Aim of the task. Print the data below exactly, but only the lines from the one containing "ベビー幼児用無地オーバーオール - image 6" down to the one containing "Sideshow Collectibles The", inclusive.

Material for this exercise.
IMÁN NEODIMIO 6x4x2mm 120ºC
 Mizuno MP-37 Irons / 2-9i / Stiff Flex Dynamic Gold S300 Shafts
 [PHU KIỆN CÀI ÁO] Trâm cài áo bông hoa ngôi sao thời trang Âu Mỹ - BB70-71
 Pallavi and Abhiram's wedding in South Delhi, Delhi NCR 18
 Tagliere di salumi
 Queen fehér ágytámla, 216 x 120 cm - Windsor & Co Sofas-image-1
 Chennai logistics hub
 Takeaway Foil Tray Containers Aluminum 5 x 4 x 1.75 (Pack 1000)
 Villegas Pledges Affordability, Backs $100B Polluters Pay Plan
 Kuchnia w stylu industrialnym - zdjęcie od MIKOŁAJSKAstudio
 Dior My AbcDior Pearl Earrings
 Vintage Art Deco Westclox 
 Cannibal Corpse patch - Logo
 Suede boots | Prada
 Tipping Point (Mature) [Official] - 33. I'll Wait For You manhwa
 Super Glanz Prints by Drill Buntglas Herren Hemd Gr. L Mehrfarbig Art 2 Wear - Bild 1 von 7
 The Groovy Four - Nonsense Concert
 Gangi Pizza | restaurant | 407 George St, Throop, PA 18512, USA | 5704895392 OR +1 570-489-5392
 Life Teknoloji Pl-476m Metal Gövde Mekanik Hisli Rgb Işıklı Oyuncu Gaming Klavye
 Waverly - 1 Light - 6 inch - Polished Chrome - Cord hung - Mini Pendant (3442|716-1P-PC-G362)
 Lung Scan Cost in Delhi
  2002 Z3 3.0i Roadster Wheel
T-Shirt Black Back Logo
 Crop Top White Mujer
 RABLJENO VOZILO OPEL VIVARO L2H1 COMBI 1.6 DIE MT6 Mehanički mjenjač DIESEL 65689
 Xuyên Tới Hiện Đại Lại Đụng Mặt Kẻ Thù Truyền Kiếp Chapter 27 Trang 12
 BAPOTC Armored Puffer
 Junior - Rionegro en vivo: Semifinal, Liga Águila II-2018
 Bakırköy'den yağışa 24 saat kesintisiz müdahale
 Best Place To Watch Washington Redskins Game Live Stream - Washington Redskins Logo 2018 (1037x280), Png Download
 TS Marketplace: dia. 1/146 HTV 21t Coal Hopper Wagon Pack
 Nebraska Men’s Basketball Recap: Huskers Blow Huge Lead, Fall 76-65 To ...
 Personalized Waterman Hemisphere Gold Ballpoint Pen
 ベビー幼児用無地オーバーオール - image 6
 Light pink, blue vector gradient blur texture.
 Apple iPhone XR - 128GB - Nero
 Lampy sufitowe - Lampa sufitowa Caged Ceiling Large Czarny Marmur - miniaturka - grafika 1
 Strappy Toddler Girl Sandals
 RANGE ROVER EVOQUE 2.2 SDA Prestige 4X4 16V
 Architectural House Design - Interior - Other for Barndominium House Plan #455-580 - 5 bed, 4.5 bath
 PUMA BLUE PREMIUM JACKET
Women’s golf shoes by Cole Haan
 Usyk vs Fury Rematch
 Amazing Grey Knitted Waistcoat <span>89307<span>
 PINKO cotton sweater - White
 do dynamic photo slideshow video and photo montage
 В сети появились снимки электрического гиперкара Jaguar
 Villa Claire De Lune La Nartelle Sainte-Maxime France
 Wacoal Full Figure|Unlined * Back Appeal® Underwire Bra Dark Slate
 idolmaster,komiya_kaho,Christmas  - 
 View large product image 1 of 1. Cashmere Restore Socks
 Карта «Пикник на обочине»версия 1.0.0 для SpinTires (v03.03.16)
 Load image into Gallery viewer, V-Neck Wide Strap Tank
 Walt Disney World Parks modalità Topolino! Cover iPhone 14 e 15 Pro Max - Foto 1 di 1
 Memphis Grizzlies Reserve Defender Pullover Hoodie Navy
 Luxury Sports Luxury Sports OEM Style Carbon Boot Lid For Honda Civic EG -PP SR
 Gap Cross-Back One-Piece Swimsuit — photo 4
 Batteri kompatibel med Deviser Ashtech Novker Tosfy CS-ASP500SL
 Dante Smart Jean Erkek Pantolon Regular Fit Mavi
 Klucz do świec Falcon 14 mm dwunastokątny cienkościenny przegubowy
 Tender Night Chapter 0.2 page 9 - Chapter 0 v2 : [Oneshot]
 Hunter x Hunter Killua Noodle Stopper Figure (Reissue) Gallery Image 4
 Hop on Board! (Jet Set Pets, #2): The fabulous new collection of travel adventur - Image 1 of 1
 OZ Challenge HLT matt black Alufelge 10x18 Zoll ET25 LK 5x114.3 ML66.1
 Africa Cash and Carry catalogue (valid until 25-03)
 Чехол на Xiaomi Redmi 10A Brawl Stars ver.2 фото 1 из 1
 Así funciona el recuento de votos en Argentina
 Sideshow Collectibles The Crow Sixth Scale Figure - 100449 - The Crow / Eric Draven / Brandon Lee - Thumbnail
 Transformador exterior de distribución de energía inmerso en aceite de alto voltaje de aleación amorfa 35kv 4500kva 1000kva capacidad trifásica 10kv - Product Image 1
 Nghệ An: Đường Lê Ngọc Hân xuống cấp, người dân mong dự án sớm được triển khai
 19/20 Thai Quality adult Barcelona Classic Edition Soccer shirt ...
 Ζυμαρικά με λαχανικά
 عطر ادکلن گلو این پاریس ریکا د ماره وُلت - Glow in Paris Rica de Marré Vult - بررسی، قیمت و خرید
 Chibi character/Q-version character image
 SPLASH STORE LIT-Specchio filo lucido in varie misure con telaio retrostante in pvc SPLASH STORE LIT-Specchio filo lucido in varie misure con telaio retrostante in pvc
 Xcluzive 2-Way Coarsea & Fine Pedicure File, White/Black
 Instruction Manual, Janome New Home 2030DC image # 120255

Result of this exercise.
 ベビー幼児用無地オーバーオール - image 6
 Light pink, blue vector gradient blur texture.
 Apple iPhone XR - 128GB - Nero
 Lampy sufitowe - Lampa sufitowa Caged Ceiling Large Czarny Marmur - miniaturka - grafika 1
 Strappy Toddler Girl Sandals
 RANGE ROVER EVOQUE 2.2 SDA Prestige 4X4 16V
 Architectural House Design - Interior - Other for Barndominium House Plan #455-580 - 5 bed, 4.5 bath
 PUMA BLUE PREMIUM JACKET
Women’s golf shoes by Cole Haan
 Usyk vs Fury Rematch
 Amazing Grey Knitted Waistcoat <span>89307<span>
 PINKO cotton sweater - White
 do dynamic photo slideshow video and photo montage
 В сети появились снимки электрического гиперкара Jaguar
 Villa Claire De Lune La Nartelle Sainte-Maxime France
 Wacoal Full Figure|Unlined * Back Appeal® Underwire Bra Dark Slate
 idolmaster,komiya_kaho,Christmas  - 
 View large product image 1 of 1. Cashmere Restore Socks
 Карта «Пикник на обочине»версия 1.0.0 для SpinTires (v03.03.16)
 Load image into Gallery viewer, V-Neck Wide Strap Tank
 Walt Disney World Parks modalità Topolino! Cover iPhone 14 e 15 Pro Max - Foto 1 di 1
 Memphis Grizzlies Reserve Defender Pullover Hoodie Navy
 Luxury Sports Luxury Sports OEM Style Carbon Boot Lid For Honda Civic EG -PP SR
 Gap Cross-Back One-Piece Swimsuit — photo 4
 Batteri kompatibel med Deviser Ashtech Novker Tosfy CS-ASP500SL
 Dante Smart Jean Erkek Pantolon Regular Fit Mavi
 Klucz do świec Falcon 14 mm dwunastokątny cienkościenny przegubowy
 Tender Night Chapter 0.2 page 9 - Chapter 0 v2 : [Oneshot]
 Hunter x Hunter Killua Noodle Stopper Figure (Reissue) Gallery Image 4
 Hop on Board! (Jet Set Pets, #2): The fabulous new collection of travel adventur - Image 1 of 1
 OZ Challenge HLT matt black Alufelge 10x18 Zoll ET25 LK 5x114.3 ML66.1
 Africa Cash and Carry catalogue (valid until 25-03)
 Чехол на Xiaomi Redmi 10A Brawl Stars ver.2 фото 1 из 1
 Así funciona el recuento de votos en Argentina
 Sideshow Collectibles The Crow Sixth Scale Figure - 100449 - The Crow / Eric Draven / Brandon Lee - Thumbnail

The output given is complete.